I've been graced with two new photos of the lovely Martinique and couldn't wait to share them with you. Without further ado.......
Above we have Martinique as a kicky foreign exchange student studying fashion design in Paris. Oh La La! When not in class, I imagine she fills her days strolling through the Picasso Museum or Musee Picasso in the fashionable Marais district. Or perhaps she sips espresso and nibbles pain au chocolat with friends at a trendy outdoor bistro. I believe my nephew titled this "Sparkly from head to toe." And I'd respond, "Oui, c'est vrai."
That above photo about made my head pop off. Martinique and my nephew have clearly outdone themselves here. The short hair/ short dress combo, the blue bow in the hair perfectly echoing the bows on the shoes, and just a pinch of bling is what I'd call genius styling. Martinique is ready to own the red carpet at the Grammys or be the star at some swank soiree. Brah-voh!
I was wondering how it is that Martinique seemingly got an entirely brand new wardrobe overnight? Well, I was just catching up with my sister and she shared a pretty great story with me. It's one of support, compassion, and $hopping.
Seems my nephew, who has always had an affinity for glamorous things, prefers to shop at Forever 21 over the boy's department at Target or The Gap. He thinks that boy's cloths are pretty limited and looks at girl's clothing as inspiring and full of possibilities. Up until recently he had only window-shopped at Forever 21 but never had felt the joy of walking up the counter, plopping down a sequined spaghetti-strap top, and saying, "Yes, that's for me. What's my total?"
My sister feeling her son's pain and disappointment at a world that frowns on boys who occasionally might opt for a skirt over a pair of cargo pants, walked hand and hand into Forever 21 with her son, grabbed an arm load of the most colorful items (which he picked out), and the two of them spent an hour in the dressing room as he tried on each and every garment. In the end, she dropped $100 and my nephew and Martinique are all the more beautiful as a result. It's clear how inspired he's been with all these great new outfits he's created, photographed, and sent me pictures of. A round of applause please for my sister and for her son. Clap, clap and a snap, snap!
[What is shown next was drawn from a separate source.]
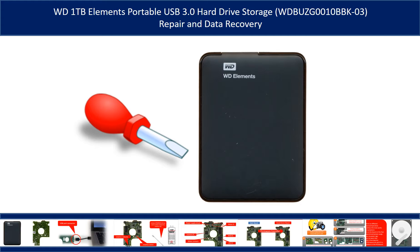Hello there. In this video, we are going to talk about WD Elements Portable Hard Drive Repair and Data Recovery.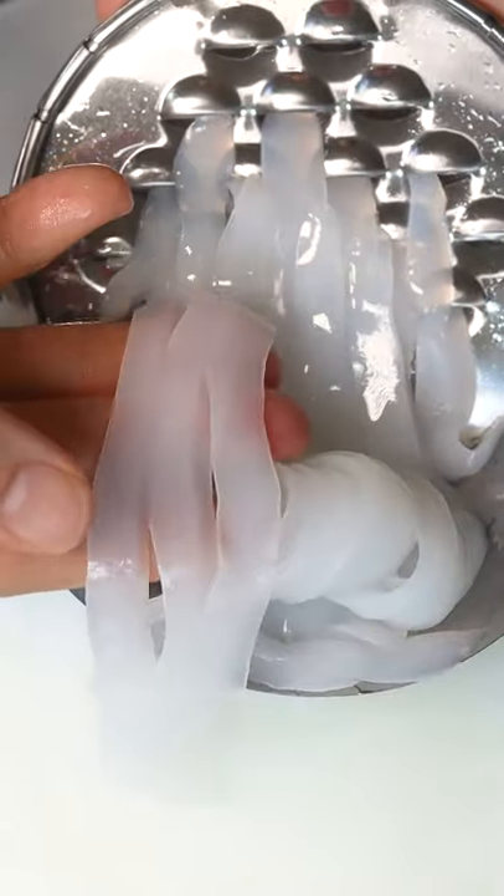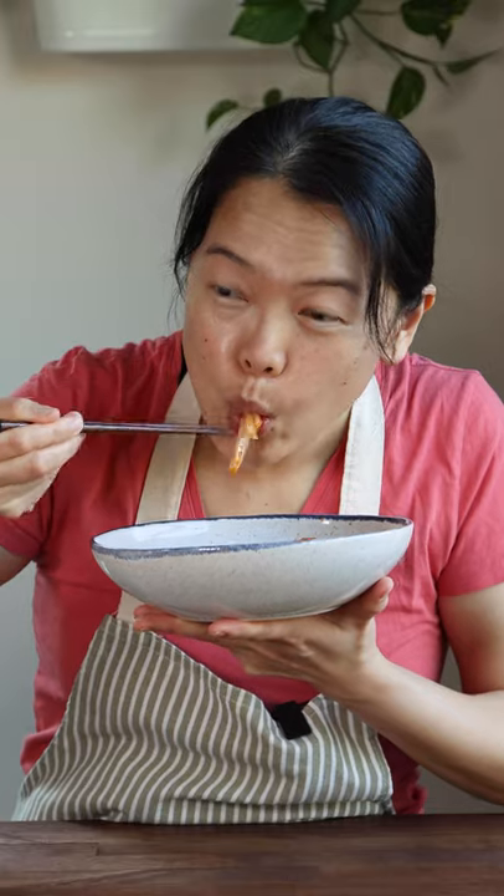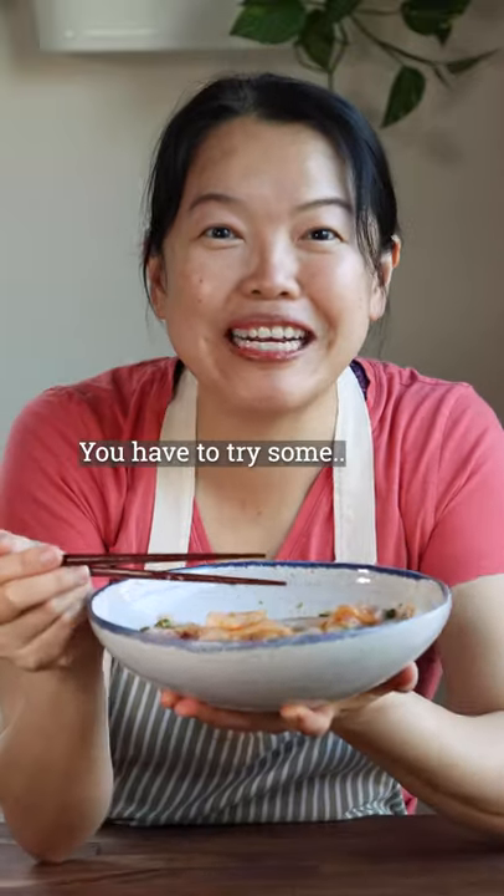Invert the jelly. Cut with a knife or jelly scraper. Finally, add the sauce right before serving. Ta-da! Mmm, so good. You have to try some.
What I know from personal experience is some kids reject the idea that there are "rules" when it comes to gender-related dress codes. If I'd been given the option, I would have definitely chosen skirts over the corduroy pants I wore when I was a kid. I remember at around age 9 sneaking into my mom's closet and trying on some of her cloths. I preferred the feeling and freedom of slipping into a knee-length pleated skirt over the restrictive sensation I got from my Tuffskin jeans. Doesn't mean I wanted to be a girl, far from it. I was quite happy being a boy. I just didn't understand why it was "wrong" that I liked the way my mom's Egyptian inspired bracelet looked on my wrist. Or why my brother would make fun of me if I occasionally put on a little lipstick. What's the big deal? I was digging around my mom's closet when I was about 10 and found a box which contained a gray fur stole and a long, curly, black wig and it was like Christmas morning. I later discovered those items had belonged to my grandmother. My mom would never, ever wear fur or a wig for that matter, but being that she's basically a hoarder- she keeps any and everything that's given to her. Especially if it came from her mom. I used to wear that stole all the time in my bedroom. I'd put it on and do my homework. I also remember going into my parent's bathroom (which had the only door that locked in the whole house), turning on their radio, putting on that wig, and dancing for about five minutes. Did that make me a junior drag queen? Well, kind of. And does that make me ashamed? Of course not! Thank goodness we're not all the same. My only grievance in hindsight is that I had to hide my behavior. That's what makes it seem off. I should have been able to wear that fur stole to the grocery store with my mom at age 10 or perhaps sport a Nephriti bracelet at 11 to the post office without receiving stares, comments, or worse. Right?
Cheers to everyone who refuses to fit in! I look forward to more Martinique photos and stories about marching to your own drumbeat. Or skipping to your own drumbeat. Or sashaying to your own drumbeat.